*** Opening of Recorded data ***

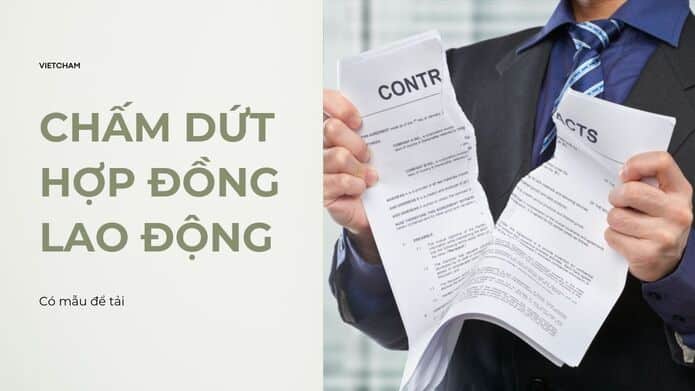 mẫu chấm dứt hợp đồng lao động thumbnail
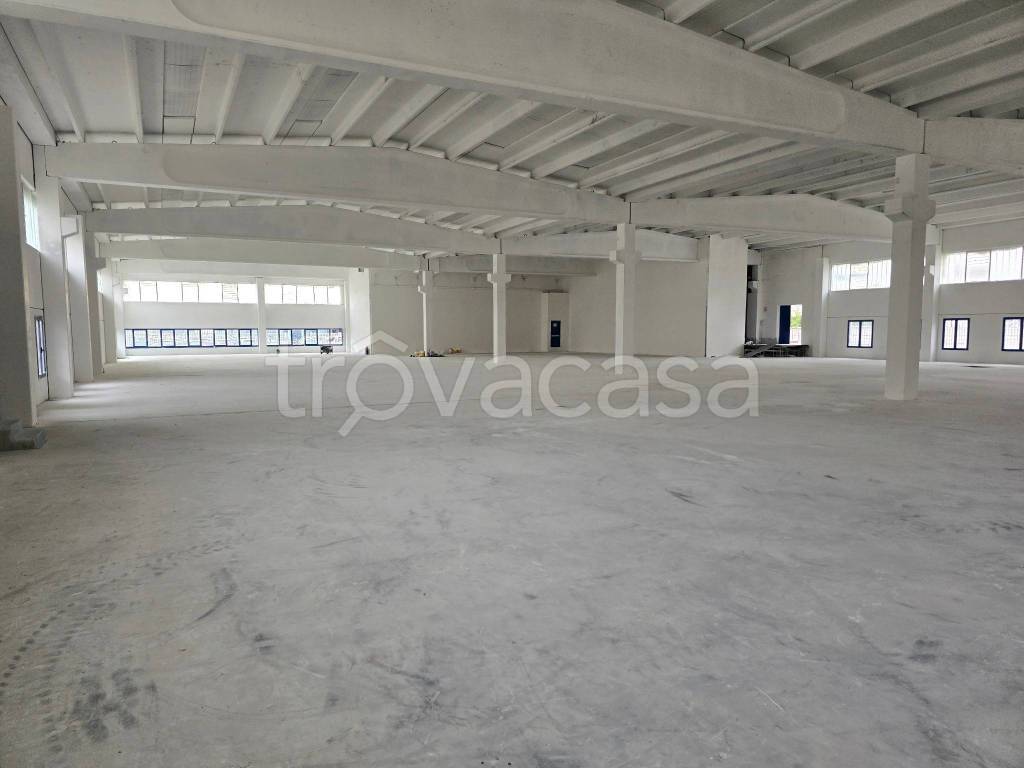 immagine annuncio 4 di 7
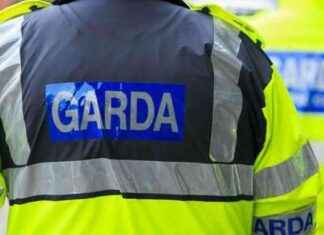 Arrested: Two Men Linked to Dublin Drug Intimidation news-18092024-233743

*** Close of Recorded data ***

Directions:
Would you output the full listing exactly as it stands, minus the images?

Solved problem:
 mẫu chấm dứt hợp đồng lao động thumbnail
 immagine annuncio 4 di 7
 Arrested: Two Men Linked to Dublin Drug Intimidation news-18092024-233743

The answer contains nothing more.